Pagamento Imu, è caos
Scoppia il caso degli anziani

«È meglio che i pensionati con la residenza in casa di riposo e proprietari di una abitazione nella loro disponibilità, non affittata, non paghino l'acconto dell'Imu nel caso in cui il Comune di riferimento non abbia espressamente deliberato che tale abitazione sia da considerare prima casa. Avranno tempo per regolarizzare la posizione col saldo, a dicembre».

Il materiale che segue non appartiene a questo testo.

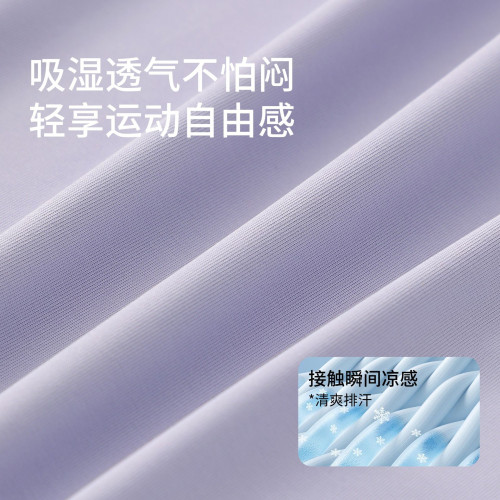 女童運動短褲防曬外穿褲裙夏季兒童速乾褲子薄款速乾中大童裙褲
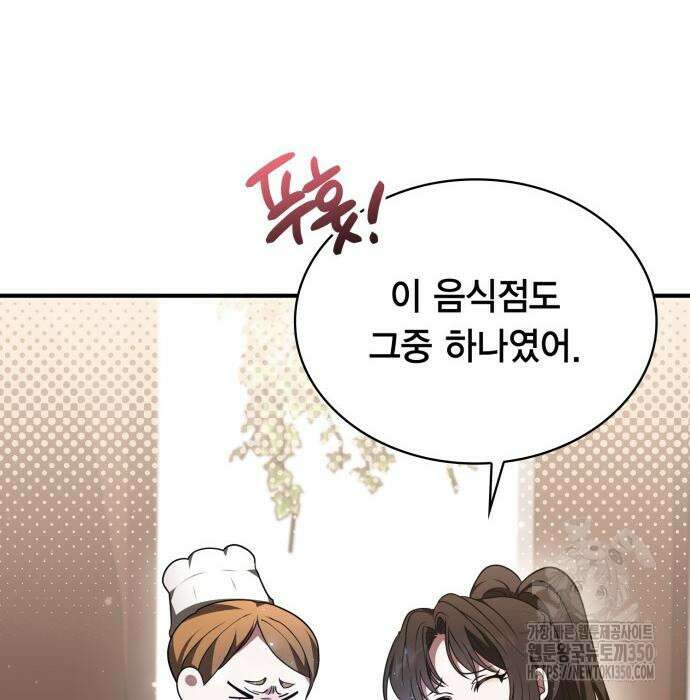 제발 좀 읽어달라고 10화 17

È una posizione chiara - almeno una, nella nebbia che circonda le normative sull'Imu - suggerita dal Caf (Centro assistenza fiscale) della Cisl di Bergamo «che - come spiega il direttore Fabio Nava - ha l'obiettivo di salvaguardare le fasce più deboli. Infatti, soprattutto se si considera che l'abitazione di molti anziani potrebbe ricadere in una fascia di rendita, intorno ai 300 euro, per la quale il calcolo dell'Imu con l'aliquota standard della prima casa porterebbe a non dovere nulla di imposta, pagare adesso l'acconto con l'aliquota delle seconde case finirebbe per determinare un credito, da dover chiedere in seguito, con tutte le complicazioni del caso. Meglio stare fermi e aspettare dicembre».

La normativa prevede che siano i Comuni a dover deliberare non solo le aliquote da applicare su prime e seconde case (i «paletti» dello Stato, quelli su cui si paga l'acconto di giugno, sono il 4x1.000 per la prima casa e il 7,6x1.000 per le altre abitazioni), ma anche devono decidere su alcune eccezioni proprio a proposito della prima casa. Una di queste riguarda appunto gli anziani che hanno la residenza in casa di riposo e tuttavia possiedono un'abitazione non locata.

Il Comune - e finora nella Bergamasca sono solo 29 le Amministrazioni che hanno deliberato in questo senso - può decidere di considerare tale abitazione come prima casa ai fini Imu.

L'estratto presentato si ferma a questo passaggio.